*Exercise goal*:
Only the lines from the first line of the data through the line containing "Off White Thread" belong in the answer, transcribed exactly; pictures do not.

*** Available data ***

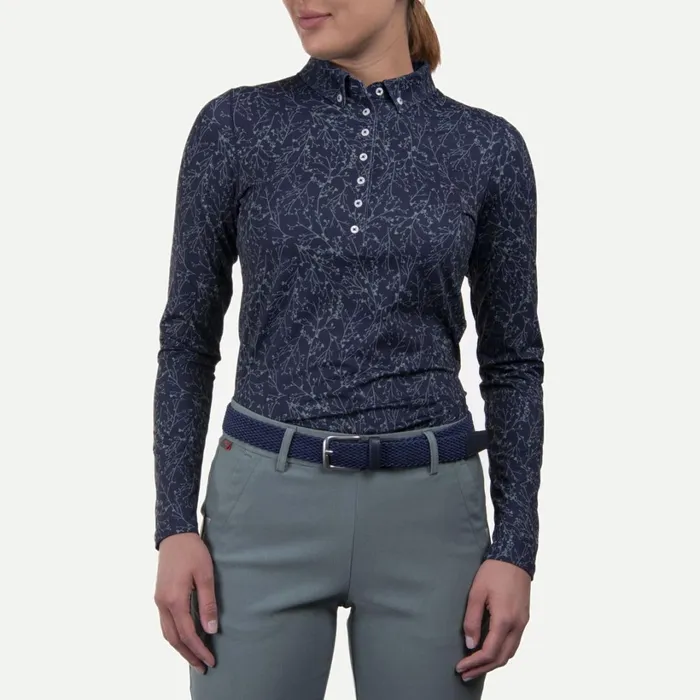Women Dana Printed Polo LS Atlanta Bluepatina KJUS Polos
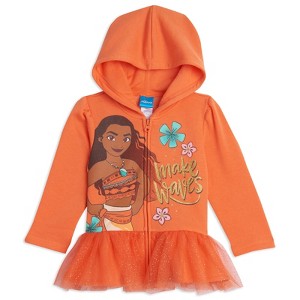 Disney Princess Moana Cindrella Ariel Belle Zip Up Hoodie Little Kid to Big Kid - 1 of 4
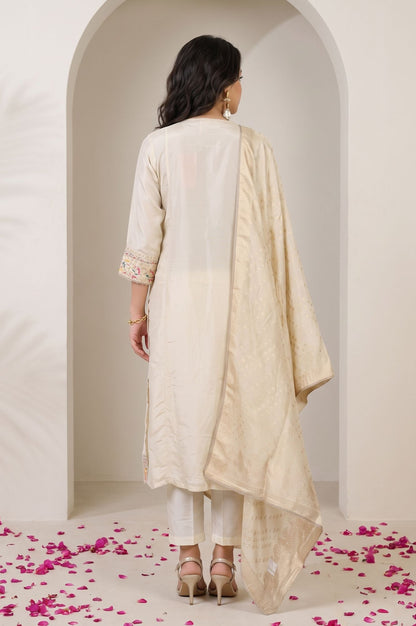 Off White Thread Embroidered Yarn Dyed Tissue Dola Straight Kurta with Straight Pants and Dupatta Set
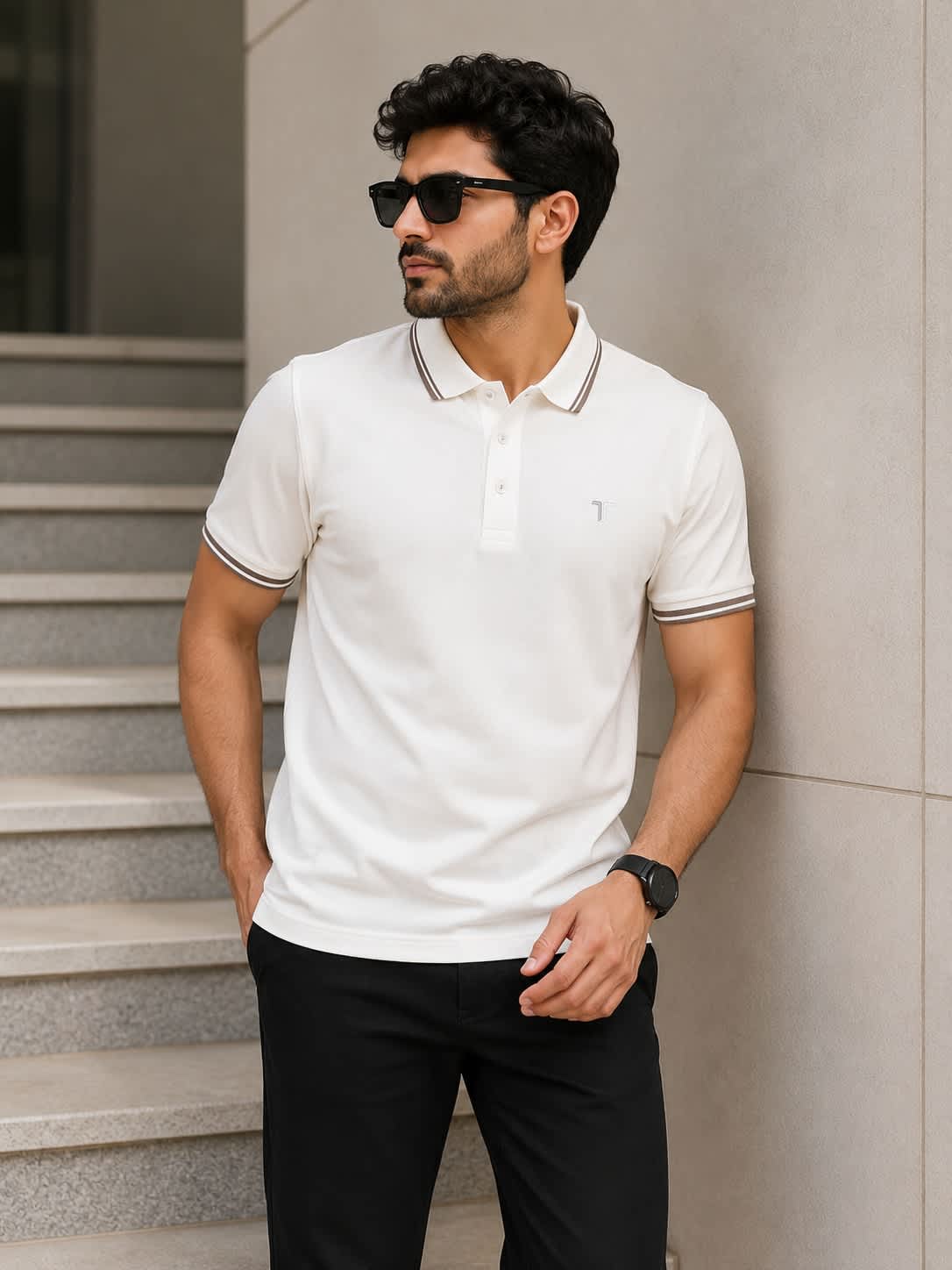 Men's beige polo shirt with grey tipped collar and sleeves, premium cotton short sleeve casual polo t-shirt for everyday and smart casual wear.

*** End of Available data ***

*Problem solution*:
Women Dana Printed Polo LS Atlanta Bluepatina KJUS Polos
 Disney Princess Moana Cindrella Ariel Belle Zip Up Hoodie Little Kid to Big Kid - 1 of 4
 Off White Thread Embroidered Yarn Dyed Tissue Dola Straight Kurta with Straight Pants and Dupatta Set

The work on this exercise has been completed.